On Wed, Nov 27, 2024 at 5:20 PM Aaron Puchert <aaronpuchert@alice-dsl.net> wrote:
Am 27.11.24 um 20:15 schrieb Andrii Nakryiko:
1) On-the-fly unwinding based on .eh_frame DWARF data. Given it's pretty big and is normally not used by the application, chances are high that the contents of this section won't be physically mapped into memory. So to access it one would need to cause page fault and wait for the kernel to fulfill it. It's slower, but the real issue is that stack traces with BPF and perf are captured in non-sleepable context (NMI due to perf event, or tracepoints, or kprobes, none of which allow page faults). So you'll, at the minimum, run into the problem with .eh_frame effectively not being available when necessary.

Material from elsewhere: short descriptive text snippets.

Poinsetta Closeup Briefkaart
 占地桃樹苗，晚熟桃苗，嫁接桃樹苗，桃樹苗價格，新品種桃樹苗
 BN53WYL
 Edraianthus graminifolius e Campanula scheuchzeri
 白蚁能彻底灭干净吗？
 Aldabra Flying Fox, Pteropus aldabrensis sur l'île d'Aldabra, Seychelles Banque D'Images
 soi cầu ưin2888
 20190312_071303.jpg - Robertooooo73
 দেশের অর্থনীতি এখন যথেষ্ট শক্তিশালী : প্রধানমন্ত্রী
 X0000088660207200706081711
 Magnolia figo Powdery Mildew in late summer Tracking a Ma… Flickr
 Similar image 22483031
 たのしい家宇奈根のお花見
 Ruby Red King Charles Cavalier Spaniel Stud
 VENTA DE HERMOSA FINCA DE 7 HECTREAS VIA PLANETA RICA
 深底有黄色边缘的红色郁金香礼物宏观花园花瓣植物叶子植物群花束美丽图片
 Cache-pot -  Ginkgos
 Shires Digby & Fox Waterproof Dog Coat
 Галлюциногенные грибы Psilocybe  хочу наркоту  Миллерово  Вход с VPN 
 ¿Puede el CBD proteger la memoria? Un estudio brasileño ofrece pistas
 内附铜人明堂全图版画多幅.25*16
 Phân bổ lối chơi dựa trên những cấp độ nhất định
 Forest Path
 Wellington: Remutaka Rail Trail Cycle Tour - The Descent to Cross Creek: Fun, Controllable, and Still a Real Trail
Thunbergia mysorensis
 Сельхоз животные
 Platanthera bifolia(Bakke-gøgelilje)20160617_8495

So we would just need to find a way to fault all .eh_frame pages of affected processes into memory before we start sampling? My very limited understanding is that the perf_event_open API (or is it just perf?) reports the start of processes and mapping of DSOs (PERF_RECORD_MMAP?), so couldn't one use that opportunity to fault the range in? Or am I overlooking something?
You are overlooking *a lot* here. There is nothing (even conceptually) simple here, unfortunately. And you are not the first one who'd like to solve these problems. There are tons of technical and conceptual problems here, none of which are easily solvable. Not because no one tried, but because there are fundamental and technical (and sometimes even political) issues.